30.04.2008 | aktual.: 30.04.2008 15:52
Sąd prowadzi proces cywilny, w którym Krauze żąda przeprosin i miliona zł na Caritas od redagującej program TVP "Misja Specjalna" Anity Gargas i samej telewizji, za sugestie o powiązaniach ze światem przestępczym w latach 80. oraz obecnie z politykami i o roli Krauzego w sprawie przecieku z akcji CBA w resorcie rolnictwa. Oprócz procesu cywilnego Krauze zarzuca Gargas zniesławienie w procesie karnym.

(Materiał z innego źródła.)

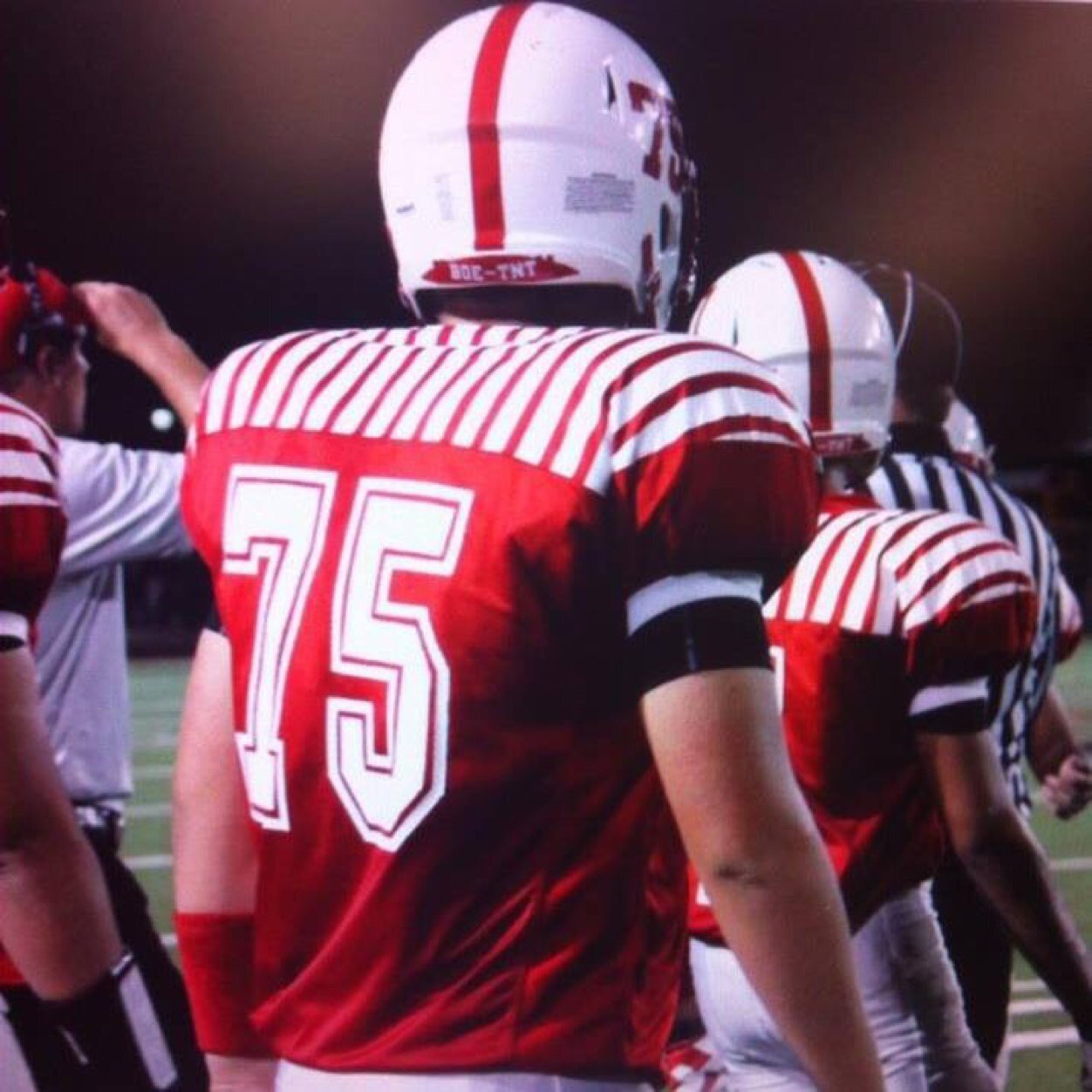 Sherbert_75's profile picture. 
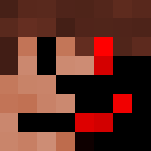 chara - Male Minecraft Skins - image 3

18 września zeszłego roku w programie "Misja Specjalna" mówiono m.in. o powiązaniach Krauzego z politykami. Podkreślano, że w jego spółkach pracują byli politycy oraz ich krewni, a także byli funkcjonariusze służb specjalnych. Według "Misji", Krauze miał szukać poparcia wśród polityków wszystkich opcji politycznych. W programie poinformowano, że b. szef PZU Jaromir Netzel miał mówić, że zaplecze Krauzego stanowi 31 posłów.
Czy związki z politykami mogły ułatwić Krauzemu zdobycie intratnych kontaktów w państwowych firmach? Niewykluczone. Choć władze Prokomu temu zaprzeczają - mówił dziennikarz "Misji specjalnej". W programie wspominano też o rzekomych powiązaniach Krauzego ze środowiskiem zorganizowanej przestępczości.

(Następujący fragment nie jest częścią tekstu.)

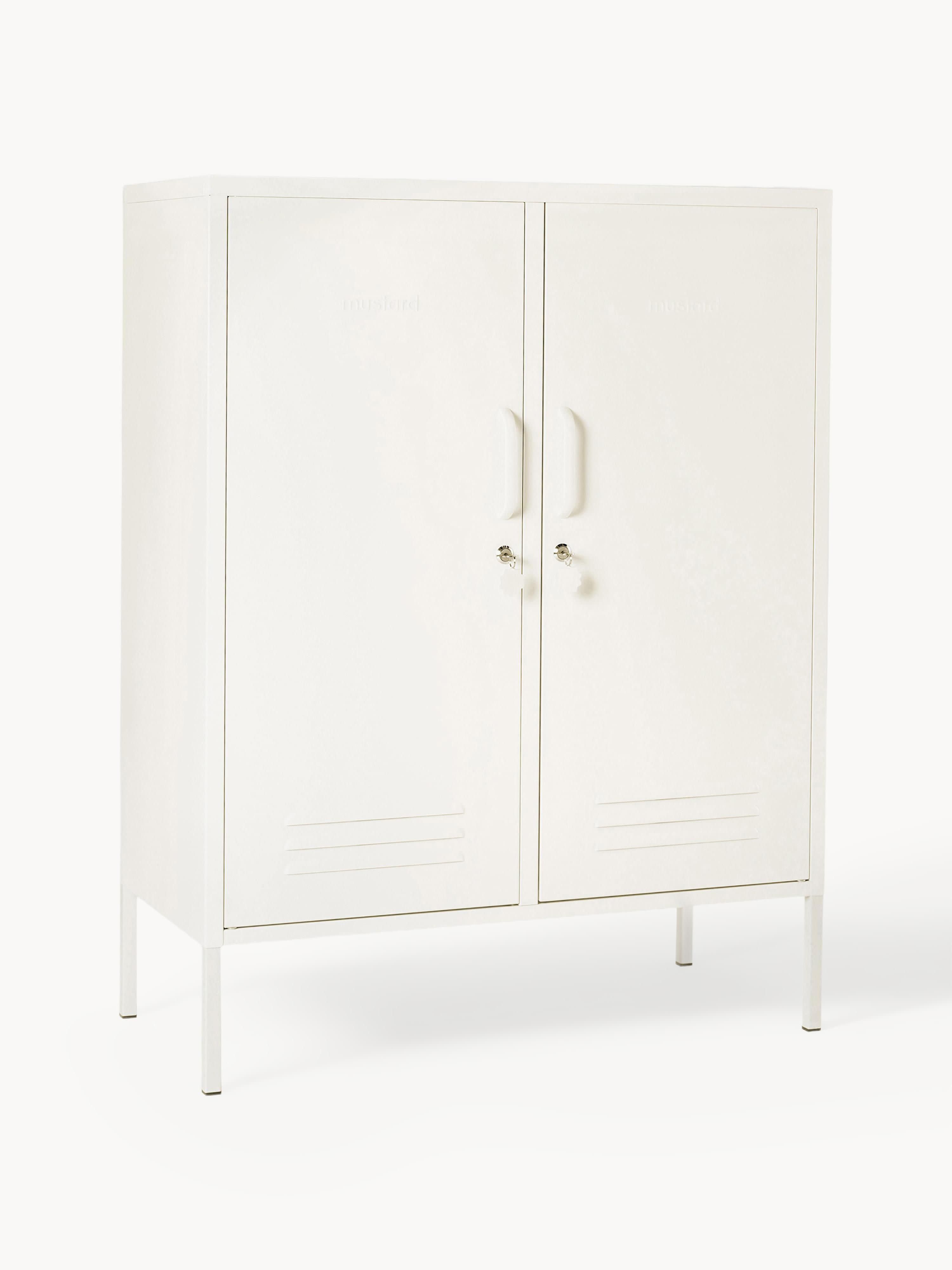 Gallery image 1 - Metal Highboard The Midi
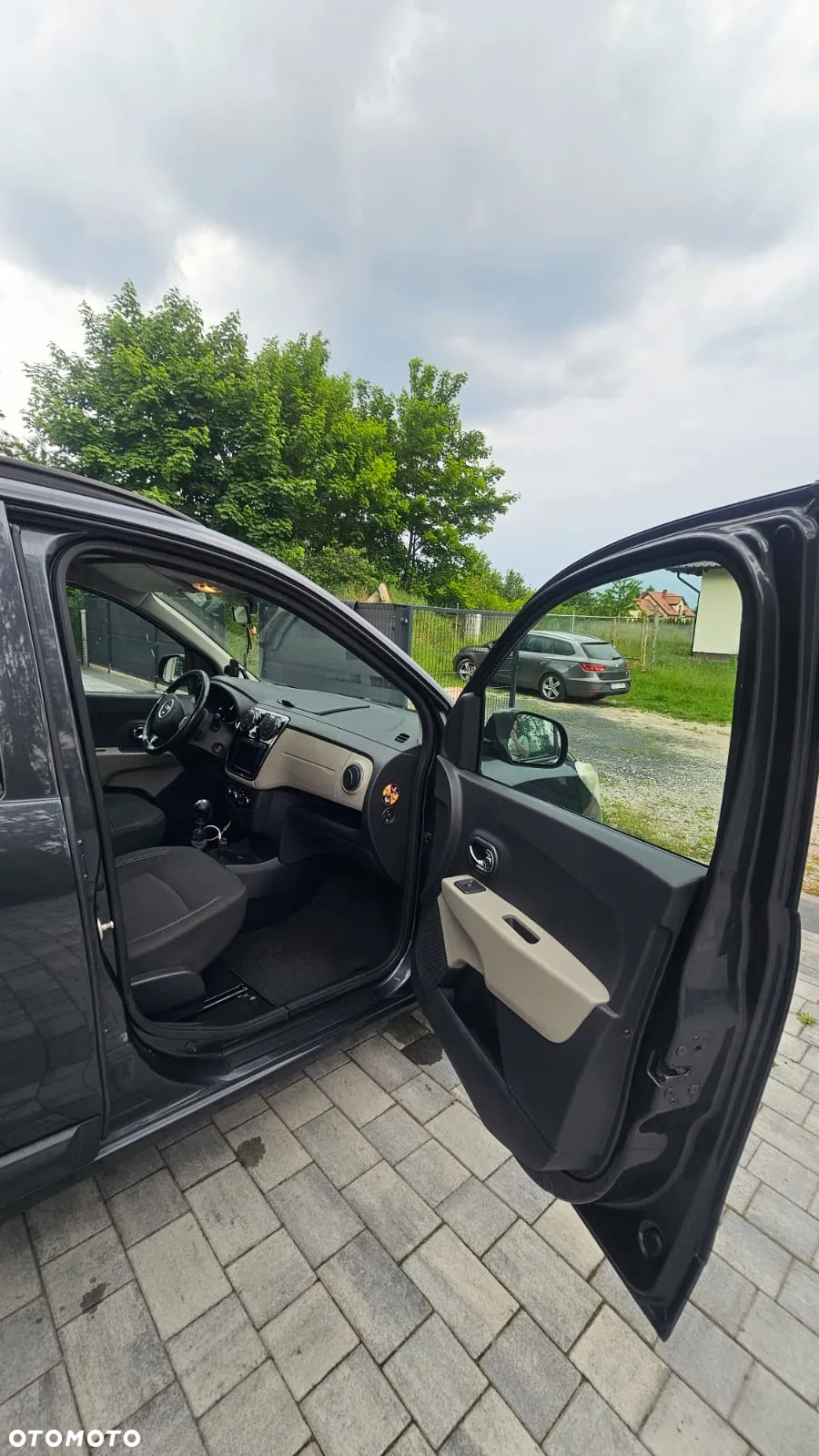 Dacia Lodgy 1.5 dCi Prestige - 13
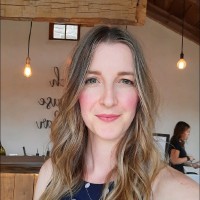 Erika Norrad, Bsc.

Zaprezentowano w nim także wypowiedzi m.in. ówczesnych posłów Samoobrony Andrzeja Leppera i Janusza Maksymiuka, a także szefa Służby Kontrwywiadu Wojskowego Antoniego Macierewicza oraz b. szefa WSI gen. Marka Dukaczewskiego.
W innym odcinku programu mówiono zaś m.in. o roli Krauzego w sprawie przecieku dotyczącego akcji CBA w ministerstwie rolnictwa sugerując, że mógł on mieć w tym pewien udział. Pod koniec zeszłego roku Krauze, który od ujawnienia sprawy przebywał za granicą, został przesłuchany przez Prokuraturę Okręgową w Warszawie i usłyszał zarzut utrudniania śledztwa przez zatajenie, że spotkał się z Januszem Kaczmarkiem w hotelu Marriott.

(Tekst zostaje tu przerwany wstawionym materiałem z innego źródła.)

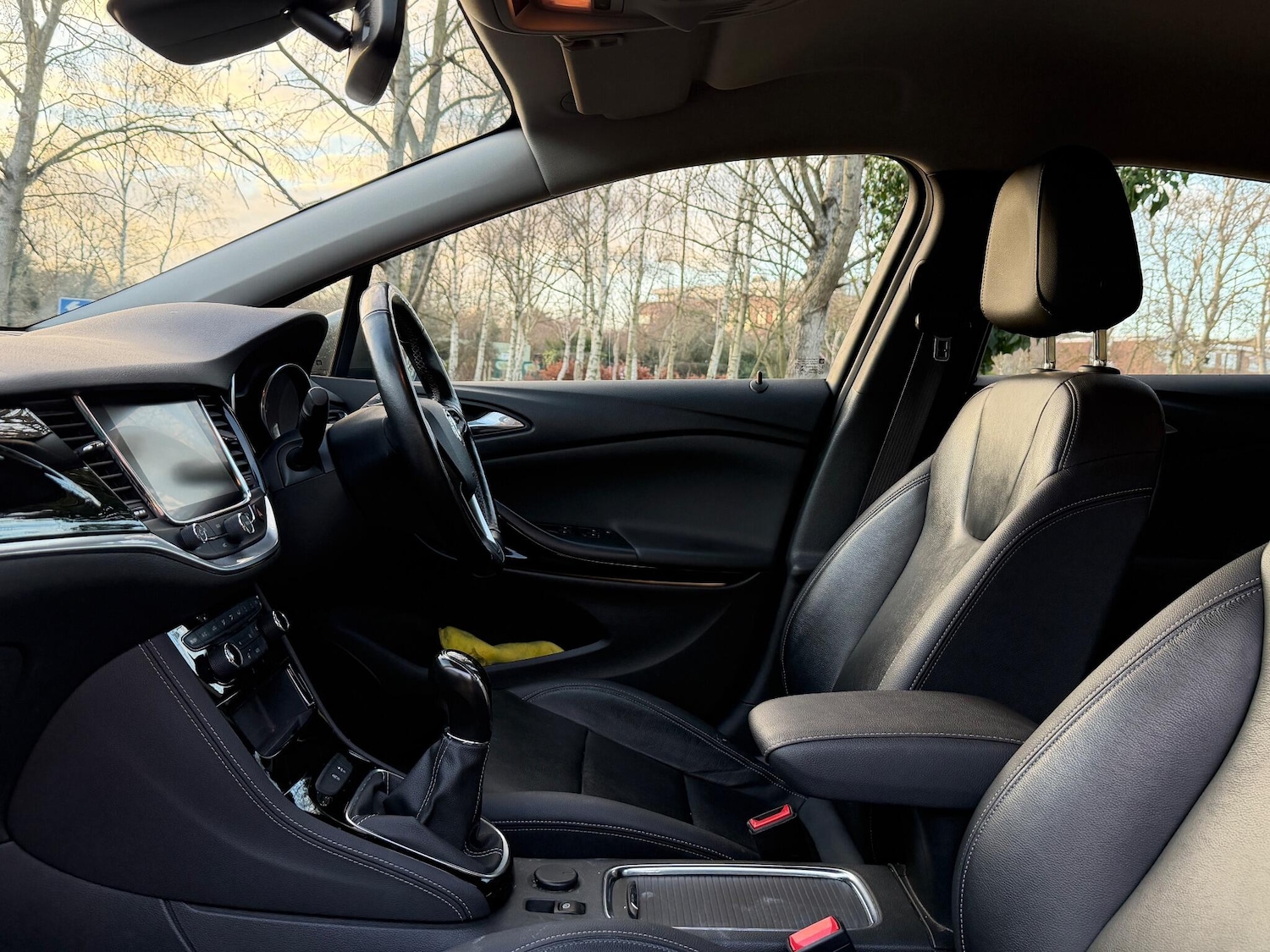 Used Vauxhall Astra 2018 for sale - 77057160: Photo 54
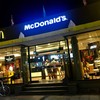 McDonald’s @ถนนราขดำเนิน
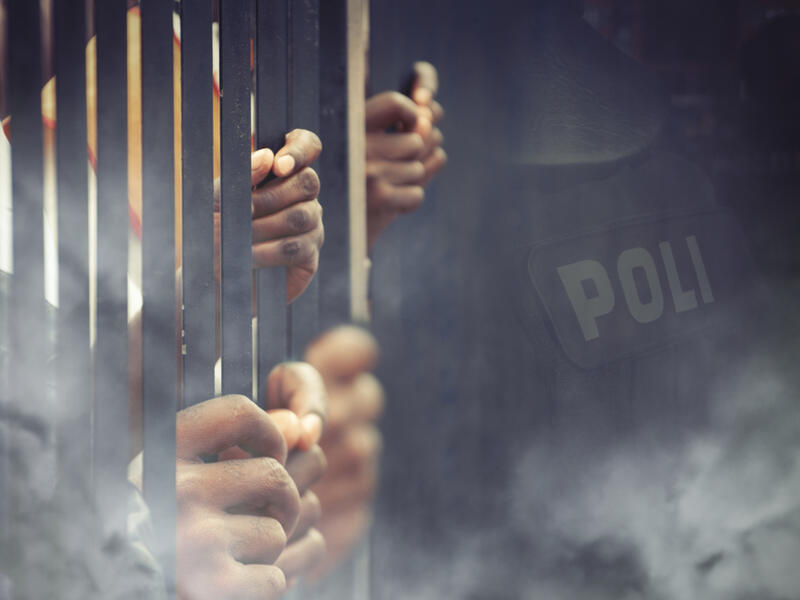 At least 116 people have died in Ecuador jail riot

Anita Gargas, pod redakcją której przygotowywana jest "Misja specjalna", po ujawnieniu, że Krauze chce ją pozwać mówiła, że autorzy programu podtrzymują wszystko to, co podali w materiałach. Przygotowaliśmy je niezwykle rzetelnie - zaznaczała.
W sądzie nie było ani Krauzego ani Gargas. Pełnomocnicy TVP i pozwanej wnieśli o wystąpienie do IPN o teczki Krauzego i "Nikosia", czemu sprzeciwiała się prawniczka biznesmena mec. Elżbieta Kosińska-Kozak. Jej zdaniem, nie sprecyzowano żadnych faktów, jakie miałyby udowadniać ewentualne informacje z teczek.
Ja również nie znam ich zawartości, ale wiedząc, że istnieją, bo informowała o nich prasa, można - po ich przeanalizowaniu - załączyć określone wiadomości do akt - replikował jej pełnomocnik Gargas, mec. Grzegorz Rybicki. Reprezentująca pozwaną TVP mec. Iwona Kuś powiedziała, że "tak się szczęśliwie złożyło, że tygodnik 'Wprost' poinformował właśnie, iż taka teczka istnieje".
Wskazała, że w publikacji tygodnika wspomina się o tym, iż w przechowywanych w IPN archiwach jest wiadomość, iż w 1986 r. Krauze zwrócił się o wydanie paszportu na wyjazd służbowy do RFN, ale nie dostał zgody. W uzasadnieniu decyzji ppłk Władysław Sikorski, naczelnik Wydziału do Walki z Przestępczością Gospodarczą miał napisać, że Krauze jest "podejrzany o współudział w kradzieżach samochodów na szkodę obywateli państw Europy Zachodniej w grupie przestępczej Nikodema Skotarczaka". Krauze odwołał się od tej decyzji, ale wniosek odrzucono "z uwagi na prowadzone śledztwo".
"Wprost" pisze, że w 1987 r., gdy Krauze po raz kolejny poprosił MSW o paszport, gdańska SB anulowała zakaz opuszczania kraju i wydano mu paszport na pięć lat. "W aktach IPN nie ma informacji, czy został oczyszczony z podejrzenia o współudział w działalności grupy przestępczej 'Nikosia'. Brakuje też dokumentów, stwierdzających formalne postawienie mu zarzutów" - donosi tygodnik. Rzecznik Prokomu Krzysztof Król w wypowiedzi cytowanej przez "Wprost" oświadczył, że Krauze nie uczestniczył w żadnej działalności przestępczej.